As we took the wide route around the south side of the airport we got to watch five F-18's taking off.  The last left a few minutes after the first four and had huge brightly painted missles attached to the wings.  When that plane took off, he really hit the throttle, an impressive show!

We headed north and I missed the turn.  This was entirely my fault, not due to the map being an approximation of the route.  We decided to continue our way and catch the route a few miles up the road.

After eating lunch at mile 50 we headed out again and the ride became stunningly beautiful.  We were at the base of the Rincon mountains.

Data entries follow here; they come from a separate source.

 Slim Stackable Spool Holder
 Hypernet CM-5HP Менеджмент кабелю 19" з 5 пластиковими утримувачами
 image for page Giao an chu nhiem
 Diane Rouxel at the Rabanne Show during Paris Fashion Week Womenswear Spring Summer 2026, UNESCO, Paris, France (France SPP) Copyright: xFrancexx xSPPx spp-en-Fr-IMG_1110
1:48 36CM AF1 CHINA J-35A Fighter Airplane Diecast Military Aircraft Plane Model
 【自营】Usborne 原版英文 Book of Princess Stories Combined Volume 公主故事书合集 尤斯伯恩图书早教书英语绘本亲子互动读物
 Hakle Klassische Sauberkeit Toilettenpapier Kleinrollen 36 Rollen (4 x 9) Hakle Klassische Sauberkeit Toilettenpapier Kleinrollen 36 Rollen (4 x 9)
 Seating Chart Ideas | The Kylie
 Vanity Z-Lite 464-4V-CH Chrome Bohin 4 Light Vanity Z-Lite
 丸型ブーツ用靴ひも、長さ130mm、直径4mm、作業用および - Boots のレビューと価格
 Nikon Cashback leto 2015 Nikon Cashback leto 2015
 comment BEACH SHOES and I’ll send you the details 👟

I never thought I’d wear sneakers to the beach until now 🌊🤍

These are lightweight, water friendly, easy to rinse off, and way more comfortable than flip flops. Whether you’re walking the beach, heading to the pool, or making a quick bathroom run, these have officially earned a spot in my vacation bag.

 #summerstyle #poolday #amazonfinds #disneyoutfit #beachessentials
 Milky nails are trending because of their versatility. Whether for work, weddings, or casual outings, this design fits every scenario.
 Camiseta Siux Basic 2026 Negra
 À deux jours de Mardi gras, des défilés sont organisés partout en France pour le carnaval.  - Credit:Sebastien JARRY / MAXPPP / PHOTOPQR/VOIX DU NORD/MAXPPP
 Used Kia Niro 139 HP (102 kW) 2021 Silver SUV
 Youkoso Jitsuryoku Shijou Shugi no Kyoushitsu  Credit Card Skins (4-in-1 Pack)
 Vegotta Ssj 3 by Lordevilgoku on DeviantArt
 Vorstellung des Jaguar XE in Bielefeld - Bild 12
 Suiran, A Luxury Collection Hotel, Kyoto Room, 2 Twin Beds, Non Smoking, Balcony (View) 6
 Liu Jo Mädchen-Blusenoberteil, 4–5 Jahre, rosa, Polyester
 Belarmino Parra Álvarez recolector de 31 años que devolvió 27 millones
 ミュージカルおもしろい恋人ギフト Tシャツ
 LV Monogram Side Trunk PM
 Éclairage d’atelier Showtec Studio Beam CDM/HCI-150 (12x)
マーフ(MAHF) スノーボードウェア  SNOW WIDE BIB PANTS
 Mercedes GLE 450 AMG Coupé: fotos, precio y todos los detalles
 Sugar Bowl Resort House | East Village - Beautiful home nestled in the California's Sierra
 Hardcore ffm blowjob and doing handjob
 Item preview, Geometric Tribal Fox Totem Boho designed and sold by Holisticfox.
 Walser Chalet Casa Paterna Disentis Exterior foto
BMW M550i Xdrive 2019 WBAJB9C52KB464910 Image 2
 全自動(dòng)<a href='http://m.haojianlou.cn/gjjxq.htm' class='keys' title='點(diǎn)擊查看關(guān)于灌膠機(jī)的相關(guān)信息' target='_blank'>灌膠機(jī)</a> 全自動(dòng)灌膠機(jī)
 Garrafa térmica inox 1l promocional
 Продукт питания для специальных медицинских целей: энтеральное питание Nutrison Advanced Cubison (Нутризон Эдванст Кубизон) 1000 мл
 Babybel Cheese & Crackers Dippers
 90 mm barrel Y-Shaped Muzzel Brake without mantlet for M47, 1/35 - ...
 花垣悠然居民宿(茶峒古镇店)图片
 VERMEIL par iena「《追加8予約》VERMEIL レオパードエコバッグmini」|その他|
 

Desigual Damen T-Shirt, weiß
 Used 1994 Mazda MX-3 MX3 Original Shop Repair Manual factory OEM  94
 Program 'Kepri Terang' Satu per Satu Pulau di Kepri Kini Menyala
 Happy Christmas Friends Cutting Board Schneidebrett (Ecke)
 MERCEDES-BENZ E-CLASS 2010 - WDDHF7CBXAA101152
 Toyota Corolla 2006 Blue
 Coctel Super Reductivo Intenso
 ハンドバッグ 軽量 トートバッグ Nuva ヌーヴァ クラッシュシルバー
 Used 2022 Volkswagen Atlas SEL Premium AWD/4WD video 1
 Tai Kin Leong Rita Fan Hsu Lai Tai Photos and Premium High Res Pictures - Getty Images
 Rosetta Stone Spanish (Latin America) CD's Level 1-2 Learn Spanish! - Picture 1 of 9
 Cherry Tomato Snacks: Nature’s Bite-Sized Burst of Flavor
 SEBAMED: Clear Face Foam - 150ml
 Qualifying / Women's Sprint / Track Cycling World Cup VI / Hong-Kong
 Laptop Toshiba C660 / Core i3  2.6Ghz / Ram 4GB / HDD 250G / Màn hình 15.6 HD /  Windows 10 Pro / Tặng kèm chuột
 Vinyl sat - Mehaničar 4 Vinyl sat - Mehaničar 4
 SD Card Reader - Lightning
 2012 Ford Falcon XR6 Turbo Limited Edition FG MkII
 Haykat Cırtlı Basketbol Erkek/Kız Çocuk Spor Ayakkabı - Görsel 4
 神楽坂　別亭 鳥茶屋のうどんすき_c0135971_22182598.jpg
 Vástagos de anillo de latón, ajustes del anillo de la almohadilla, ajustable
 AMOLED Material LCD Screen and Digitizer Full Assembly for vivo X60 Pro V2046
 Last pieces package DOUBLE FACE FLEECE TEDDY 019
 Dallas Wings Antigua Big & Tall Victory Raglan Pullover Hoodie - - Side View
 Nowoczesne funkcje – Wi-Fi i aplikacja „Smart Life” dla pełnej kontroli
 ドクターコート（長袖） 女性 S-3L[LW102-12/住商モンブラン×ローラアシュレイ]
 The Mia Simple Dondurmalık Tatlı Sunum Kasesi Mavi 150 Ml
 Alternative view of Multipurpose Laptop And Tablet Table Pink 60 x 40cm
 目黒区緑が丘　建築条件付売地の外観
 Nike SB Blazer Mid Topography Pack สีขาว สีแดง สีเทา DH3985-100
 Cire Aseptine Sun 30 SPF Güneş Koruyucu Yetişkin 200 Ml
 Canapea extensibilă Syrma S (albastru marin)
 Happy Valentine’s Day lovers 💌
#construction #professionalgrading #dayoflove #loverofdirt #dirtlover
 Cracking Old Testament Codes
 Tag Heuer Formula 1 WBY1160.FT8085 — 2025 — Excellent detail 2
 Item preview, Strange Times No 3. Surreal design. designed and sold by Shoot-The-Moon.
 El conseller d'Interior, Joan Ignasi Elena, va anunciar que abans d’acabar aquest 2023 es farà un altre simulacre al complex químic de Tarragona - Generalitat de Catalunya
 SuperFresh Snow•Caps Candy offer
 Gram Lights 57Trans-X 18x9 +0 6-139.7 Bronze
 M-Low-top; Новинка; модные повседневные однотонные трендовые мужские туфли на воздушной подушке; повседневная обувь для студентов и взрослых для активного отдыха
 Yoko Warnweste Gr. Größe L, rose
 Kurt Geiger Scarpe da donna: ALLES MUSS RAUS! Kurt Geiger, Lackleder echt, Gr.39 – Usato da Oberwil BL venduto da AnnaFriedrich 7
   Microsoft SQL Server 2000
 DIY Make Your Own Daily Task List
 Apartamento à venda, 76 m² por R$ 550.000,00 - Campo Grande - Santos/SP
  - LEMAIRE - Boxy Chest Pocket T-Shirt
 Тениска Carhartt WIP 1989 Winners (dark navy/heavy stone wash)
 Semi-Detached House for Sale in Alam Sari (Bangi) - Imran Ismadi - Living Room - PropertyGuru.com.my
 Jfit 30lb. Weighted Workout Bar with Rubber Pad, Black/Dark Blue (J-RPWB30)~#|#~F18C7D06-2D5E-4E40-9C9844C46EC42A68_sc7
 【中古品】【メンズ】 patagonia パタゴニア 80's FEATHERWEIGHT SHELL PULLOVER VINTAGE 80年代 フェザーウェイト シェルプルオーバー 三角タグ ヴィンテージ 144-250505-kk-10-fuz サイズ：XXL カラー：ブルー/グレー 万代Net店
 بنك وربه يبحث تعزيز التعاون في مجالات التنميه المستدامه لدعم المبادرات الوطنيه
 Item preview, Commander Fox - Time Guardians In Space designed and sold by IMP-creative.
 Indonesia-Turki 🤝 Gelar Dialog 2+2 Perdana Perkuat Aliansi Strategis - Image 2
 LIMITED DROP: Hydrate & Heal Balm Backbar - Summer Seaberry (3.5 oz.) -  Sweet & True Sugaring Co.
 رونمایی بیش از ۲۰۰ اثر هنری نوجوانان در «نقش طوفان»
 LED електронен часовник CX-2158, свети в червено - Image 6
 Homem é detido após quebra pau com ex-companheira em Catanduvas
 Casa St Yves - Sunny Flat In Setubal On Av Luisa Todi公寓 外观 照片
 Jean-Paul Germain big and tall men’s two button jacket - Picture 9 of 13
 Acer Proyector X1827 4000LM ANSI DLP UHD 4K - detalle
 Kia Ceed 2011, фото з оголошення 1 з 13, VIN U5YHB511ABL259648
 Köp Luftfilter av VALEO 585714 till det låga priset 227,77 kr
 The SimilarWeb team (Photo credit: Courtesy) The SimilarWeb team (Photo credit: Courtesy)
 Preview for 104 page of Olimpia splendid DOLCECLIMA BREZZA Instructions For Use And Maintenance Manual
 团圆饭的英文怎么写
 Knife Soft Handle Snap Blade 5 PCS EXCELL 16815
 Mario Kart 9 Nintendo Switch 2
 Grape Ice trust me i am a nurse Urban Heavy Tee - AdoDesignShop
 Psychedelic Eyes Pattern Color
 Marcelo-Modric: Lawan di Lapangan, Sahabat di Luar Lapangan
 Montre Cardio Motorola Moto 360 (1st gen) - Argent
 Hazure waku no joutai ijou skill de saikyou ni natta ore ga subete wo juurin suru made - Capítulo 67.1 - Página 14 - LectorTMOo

Our route edged west as the Rincons met the Catalina mountains, Tucson's famous Mt. Lemmon.  The air was so clear, the sky intensely blue.  The asphalt was new, smooth and fast.  And this was the only portion of the day where we had the wind at our backs.

Shortly after this we had real issues with the "map."  The map suggested we turned on a road that didn't exist.  We compared the map to google maps on my phone and ... there were discrepancies.  All in all, we altered our route, for the second time, stopping repeatedly to find roads and figure out street names.  We added a solid 10 miles to ride as we made our way across the north side of Tucson, before hitting Oracle Road.

We climbed steadily up Oracle Road for a considerable distance before turning west.  The mountains were still stunning, but the vistas really began to expand.  The route lead us back west where the valley below opened up with clear views way into Mexico.  What a view!

Eventually we ditched the map and decided to blaze our own trail.  We flew across the desert with the temperature rapidly dropping.  As we neared our finish, an older, large African-American woman in a convertible Mercedes, top down, slowed down beside me.  I looked over at her.  She looked down my legs, then back up to my face and sped off.

All in all, it was a great ride, though a lot hillier than I expected.  I'm looking forward to race day and my goal is to qualify for a gold medal, which is under 6 hours.